* DATA EXTRACTS:
════════════════════

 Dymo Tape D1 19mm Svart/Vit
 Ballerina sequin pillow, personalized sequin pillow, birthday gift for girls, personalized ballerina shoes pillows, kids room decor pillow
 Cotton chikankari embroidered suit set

════════════════════

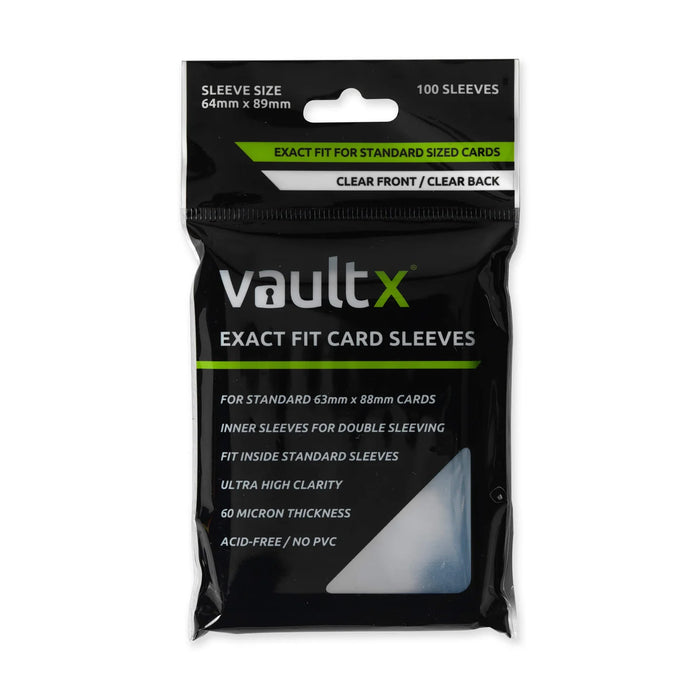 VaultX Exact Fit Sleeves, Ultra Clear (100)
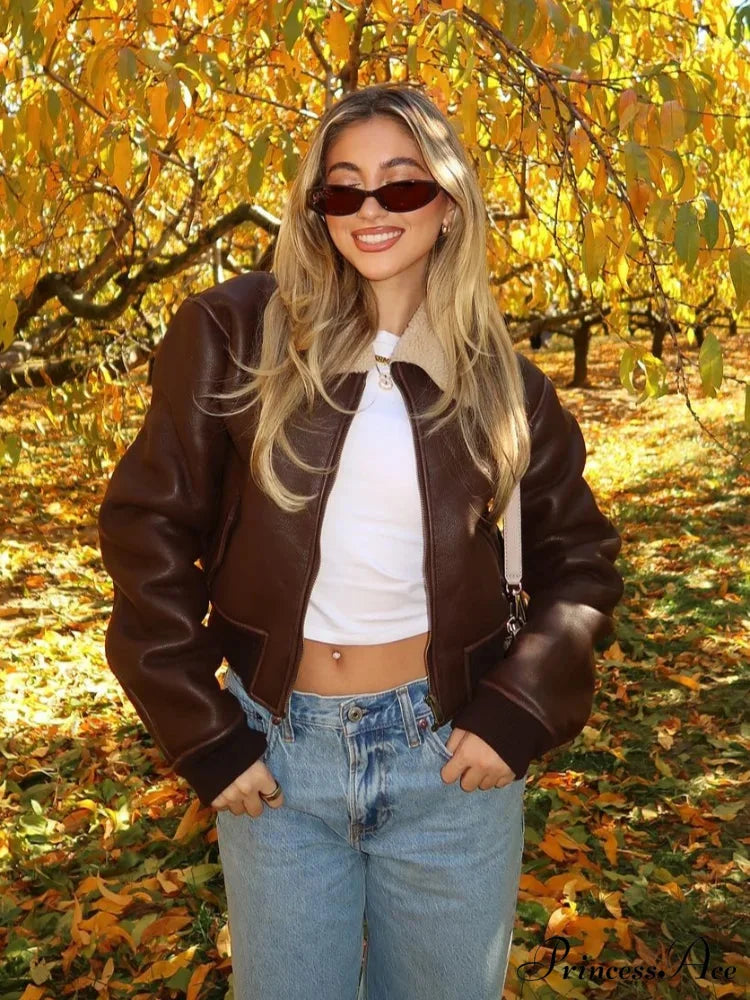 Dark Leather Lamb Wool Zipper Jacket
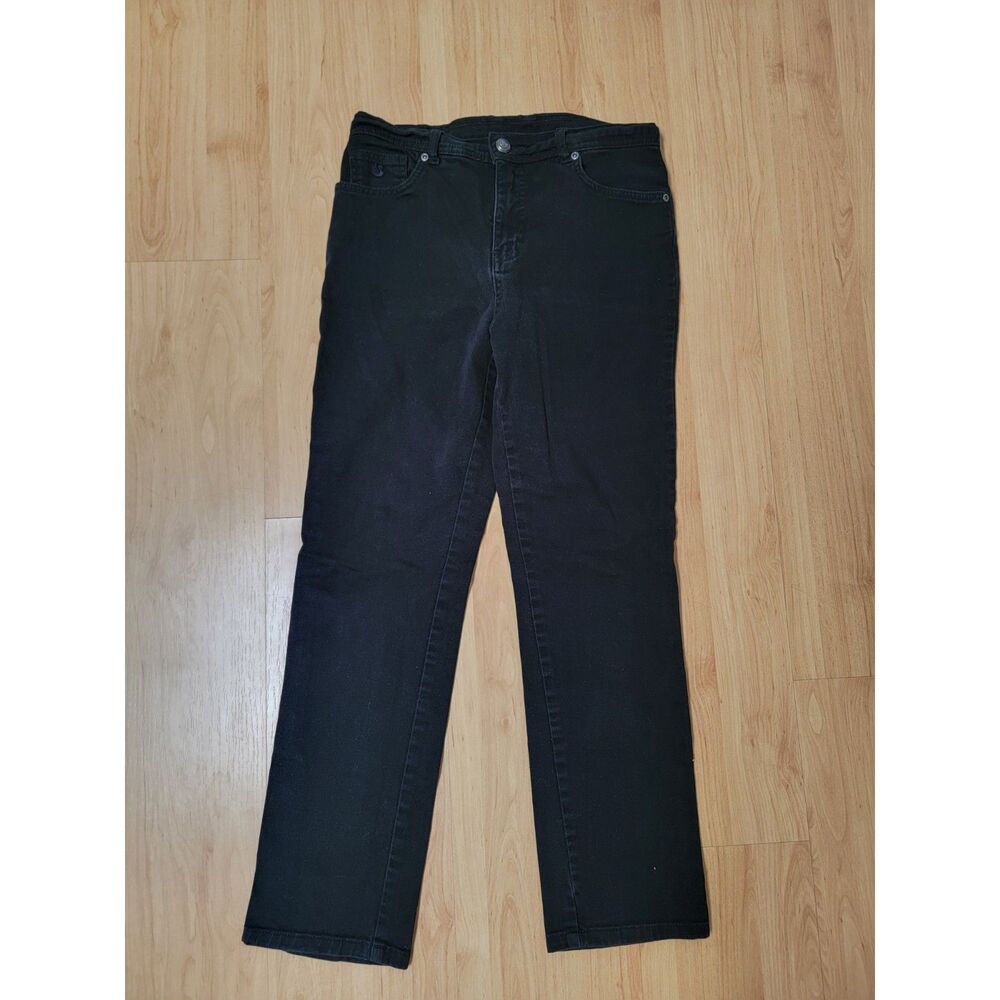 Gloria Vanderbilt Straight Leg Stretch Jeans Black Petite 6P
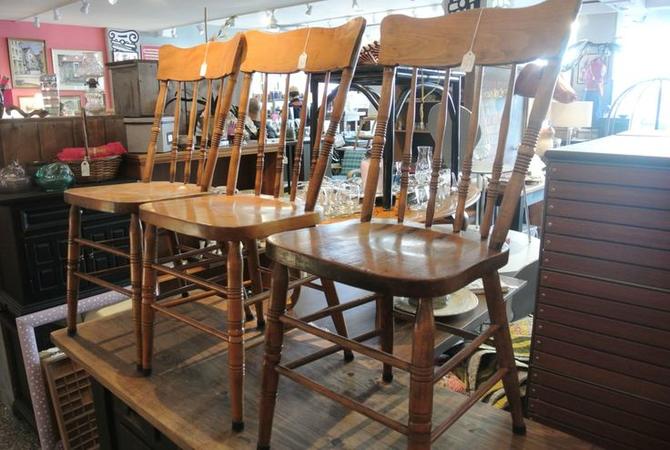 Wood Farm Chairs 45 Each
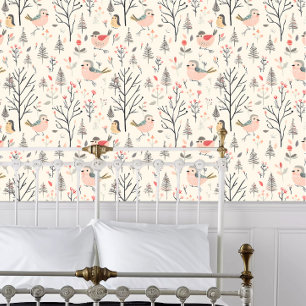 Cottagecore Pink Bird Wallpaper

════════════════════

Would you please reproduce the entries above, starting at the line with "Wood Farm Chairs 45 Each" and stopping after the line with "Cottagecore Pink Bird Wallpaper"? Omit any pictures.

* RESULT BELOW:
 Wood Farm Chairs 45 Each
 Cottagecore Pink Bird Wallpaper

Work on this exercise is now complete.